I am by no manner or means a full time or published author, although, it is a definitive goal of mine.
Instead, I commute to work 5 days a week, working varying shift patterns & deal with a huge amount of responsibility on a daily basis. I deal with all kinds of people, which can be enjoyable or not, depending on whom you are dealing with and, perhaps, what mood I am in on that particular day. I do this, because it’s my career. I’ve worked extremely hard at it, but, my main reasons for the daily grind, are to provide for & to generate a comfortable lifestlye for my family.
Writing is a passion of mine, it always has been. I’ve written hundreds of short stories, articles and screenplays, all unpublished, unless they’re published on my blog.
It’s difficult to describe the feeling that you get when you’re infront of the Mac, battering your ideas away at the keyboard.

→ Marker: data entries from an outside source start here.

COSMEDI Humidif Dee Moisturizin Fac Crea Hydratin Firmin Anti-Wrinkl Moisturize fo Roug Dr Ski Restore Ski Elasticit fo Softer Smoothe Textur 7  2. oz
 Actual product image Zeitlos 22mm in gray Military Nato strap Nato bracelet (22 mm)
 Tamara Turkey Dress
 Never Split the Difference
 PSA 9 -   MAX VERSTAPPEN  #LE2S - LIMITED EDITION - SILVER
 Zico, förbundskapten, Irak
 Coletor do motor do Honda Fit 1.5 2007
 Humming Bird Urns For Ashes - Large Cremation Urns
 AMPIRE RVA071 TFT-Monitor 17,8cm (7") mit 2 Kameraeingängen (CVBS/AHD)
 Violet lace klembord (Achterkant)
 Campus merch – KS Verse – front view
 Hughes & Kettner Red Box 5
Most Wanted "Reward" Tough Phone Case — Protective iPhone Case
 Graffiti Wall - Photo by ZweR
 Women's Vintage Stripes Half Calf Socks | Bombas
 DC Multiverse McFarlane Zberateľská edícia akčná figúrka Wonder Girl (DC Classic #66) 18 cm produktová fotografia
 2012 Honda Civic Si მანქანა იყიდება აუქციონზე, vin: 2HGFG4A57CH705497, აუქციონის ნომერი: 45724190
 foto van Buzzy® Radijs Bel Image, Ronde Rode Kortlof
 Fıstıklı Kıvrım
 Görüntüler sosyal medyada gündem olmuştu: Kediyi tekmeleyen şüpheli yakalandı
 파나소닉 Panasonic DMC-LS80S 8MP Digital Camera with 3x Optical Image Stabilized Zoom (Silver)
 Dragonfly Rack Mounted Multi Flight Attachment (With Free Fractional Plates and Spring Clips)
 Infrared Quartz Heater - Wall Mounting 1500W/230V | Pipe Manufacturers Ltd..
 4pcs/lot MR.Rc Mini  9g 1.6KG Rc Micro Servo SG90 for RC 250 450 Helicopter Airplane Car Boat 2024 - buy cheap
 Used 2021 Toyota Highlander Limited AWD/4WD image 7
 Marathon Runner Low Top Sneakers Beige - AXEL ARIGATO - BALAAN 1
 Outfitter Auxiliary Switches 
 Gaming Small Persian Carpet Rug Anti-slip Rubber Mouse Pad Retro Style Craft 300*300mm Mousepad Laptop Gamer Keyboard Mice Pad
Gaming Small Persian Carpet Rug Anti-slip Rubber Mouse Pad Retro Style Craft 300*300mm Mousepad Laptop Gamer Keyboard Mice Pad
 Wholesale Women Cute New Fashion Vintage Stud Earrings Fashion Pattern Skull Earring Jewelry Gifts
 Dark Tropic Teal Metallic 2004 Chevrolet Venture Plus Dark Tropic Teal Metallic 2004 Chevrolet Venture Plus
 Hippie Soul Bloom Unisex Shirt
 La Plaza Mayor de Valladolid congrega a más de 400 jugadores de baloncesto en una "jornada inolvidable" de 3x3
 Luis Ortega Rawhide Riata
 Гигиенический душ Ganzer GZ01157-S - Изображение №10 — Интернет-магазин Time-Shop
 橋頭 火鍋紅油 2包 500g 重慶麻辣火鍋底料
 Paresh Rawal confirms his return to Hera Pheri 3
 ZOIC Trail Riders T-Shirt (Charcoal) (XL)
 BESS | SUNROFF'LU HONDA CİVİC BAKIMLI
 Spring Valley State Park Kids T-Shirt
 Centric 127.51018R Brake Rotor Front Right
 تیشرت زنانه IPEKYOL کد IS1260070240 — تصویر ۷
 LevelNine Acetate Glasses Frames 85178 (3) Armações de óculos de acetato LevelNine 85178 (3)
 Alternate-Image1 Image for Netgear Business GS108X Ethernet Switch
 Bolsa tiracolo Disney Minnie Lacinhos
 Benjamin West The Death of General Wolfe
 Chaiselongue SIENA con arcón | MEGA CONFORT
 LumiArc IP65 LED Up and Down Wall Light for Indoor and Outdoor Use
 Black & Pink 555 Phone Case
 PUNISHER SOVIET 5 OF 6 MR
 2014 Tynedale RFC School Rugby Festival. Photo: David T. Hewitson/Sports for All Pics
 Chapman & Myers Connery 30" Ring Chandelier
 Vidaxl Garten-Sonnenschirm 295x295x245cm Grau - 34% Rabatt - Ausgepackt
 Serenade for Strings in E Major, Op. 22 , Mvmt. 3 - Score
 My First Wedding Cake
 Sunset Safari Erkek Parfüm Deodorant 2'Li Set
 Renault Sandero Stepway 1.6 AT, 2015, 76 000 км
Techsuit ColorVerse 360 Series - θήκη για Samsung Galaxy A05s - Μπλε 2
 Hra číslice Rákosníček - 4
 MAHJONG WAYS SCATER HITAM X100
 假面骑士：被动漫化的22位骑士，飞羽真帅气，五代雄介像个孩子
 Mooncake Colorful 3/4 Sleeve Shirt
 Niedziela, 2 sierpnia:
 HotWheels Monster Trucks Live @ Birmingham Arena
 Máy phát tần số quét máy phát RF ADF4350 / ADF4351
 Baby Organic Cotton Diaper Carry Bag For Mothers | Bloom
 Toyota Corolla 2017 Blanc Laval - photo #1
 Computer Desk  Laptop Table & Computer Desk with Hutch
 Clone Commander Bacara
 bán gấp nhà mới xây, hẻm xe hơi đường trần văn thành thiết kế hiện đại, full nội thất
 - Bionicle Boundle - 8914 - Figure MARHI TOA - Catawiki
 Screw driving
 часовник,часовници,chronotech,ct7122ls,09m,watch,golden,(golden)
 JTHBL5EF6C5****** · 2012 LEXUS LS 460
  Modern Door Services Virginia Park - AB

I have often wondered & dreamed of a career as a published writer.
Why haven’t I pursued it?
Something got in my way.
There is always an excuse not to do something. Work, chores, errands, walking the dog, washing the car or important things like, laying on the couch. But, the truth is, those are your daily rituals and routines. They won’t go away and will never stop.
I quickly learned, that if those were the only things stopping me pursing my writing career, then, I may as well throw the Mac out of the window, burn everything I’d ever written and smash my head against the drywall, in a bid to help me rid myself of my desire to write.
So, I pledged to myself.
I will find time to write and share on my blog, I’ll complete the unfinished screenplays and I will start that novel, the one I’ve been thinking of for 10 years.
I will write & I will become published.
Until then though, I’ll still go to work. The chores will be complete. The errands will be ran. The dog will get walked, the car will be clean, I can still lay on the couch & a thousand and one other things will still get done.
What’s stopping you?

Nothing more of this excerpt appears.